Running AlexNet on Raspberry Pi with Compute Library

February 5, 2018

8 minute read time.

If you’d like to develop your Convolutional Neural Networks using just the Compute Library and a Raspberry Pi, this step-by-step guide will show you how… and it comes complete with all the tools you’ll need to get up and running.

If you follow all the steps outlined here indeed, by the end of the post you’ll be up and running with one of the first Deep Convolutional Neural Networks (CNN) designed to recognize 1000 different objects: AlexNet!

AlexNet on Raspberry Pi

Getting started

If you haven’t read my previous blog on how to apply a cartoon effect with the Compute Library, I’d suggest starting with that. It’s a simple example, but it will give you all the information you need to compile or cross-compile the library for Raspberry Pi.
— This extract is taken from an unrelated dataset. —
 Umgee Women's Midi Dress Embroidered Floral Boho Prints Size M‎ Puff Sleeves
In addition to some basic knowledge of the Compute Library, this tutorial assumes some knowledge of a CNN; you don’t need to be an expert, just have an idea of the main functions.

Everything else can be found in the following .7z file, which contains:

The AlexNet model (the same one as in the Caffe Model Zoo)
A text file, containing the ImageNet labels required to map the predicted objects to the name of the classes
Several images in ppm file format ready to be used with the network

Please download the required files to your host machine (Debian based) or to your Raspberry Pi:

[CTAToken URL = "https://developer.arm.com/-/media/43359E999DEF433BAF63523C529D21AD.ashx?revision=c1a232fa-f328-451f-9bd6-250b83511e01" target="_blank" text="compute_library_alexnet files" class ="green"]
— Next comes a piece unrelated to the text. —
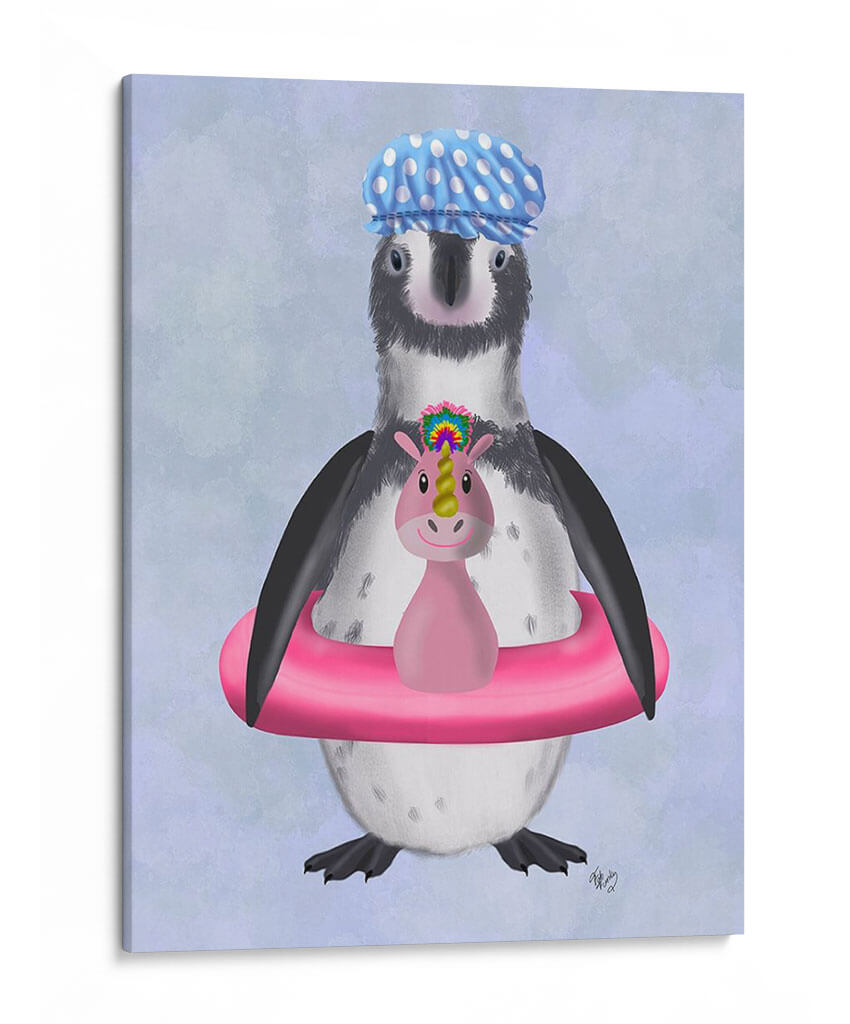 Anillo De Goma De Pingüino Unicornio - Fab Funky | Cuadro decorativo de Canvas Lab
Within the folder "alexnet_tutorial" you should have everything for this tutorial.

The requirements for your Raspberry Pi and host machine are:

Raspberry Pi 2 or 3 with Ubuntu Mate 16.04.02
A blank Micro SD card: we highly recommend a Class 6 or Class 10 microSDHC card with 8 GB (minimum 6GB)
Router + Ethernet cable

A word about the Graph API

In release 17.09 of the Compute Library, we introduced an important feature to make life easier for developers, and anyone else benchmarking the library: the graph API.

The graph API’s primary function is to reduce the boilerplate code, but it can also reduce errors in your code and improve its readability. It’s simple and easy-to-use, with a stream interface that’s designed to be similar to other C++ objects.
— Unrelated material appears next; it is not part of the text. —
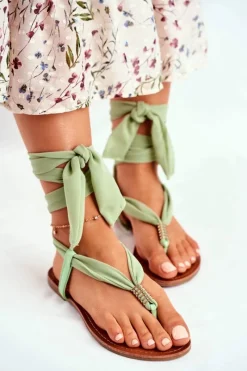 Hot Sandałki Damskie Japonki Wiązane Zielone Derryl Damskie Sandały Płaskie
At the current stage, the graph API only supports the ML functions (i.e. convolution, fully connected, activation, pooling...) and can only be used if the library has been compiled with both NEON and OpenCL enabled (neon=1 and opencl=1).

Note: if your platform doesn't have OpenCL don't worry (i.e. Raspberry Pi), the Graph API will automatically fall back onto using NEON, however you do need to compile the Compute Library with both NEON and OpenCL enabled.

In terms of building blocks, the graph API represents the third computation block, together with core and runtime. In terms of hierarchy, the graph API lies just above the runtime, which in turn lies above the core block.

Hierarchy image

Introducing AlexNet

In 2012, AlexNet shot to fame when it won the ImageNet Large Scale Visual Recognition Challenge (ILSVRC), an annual challenge that aims to evaluate algorithms for object detection and image classification.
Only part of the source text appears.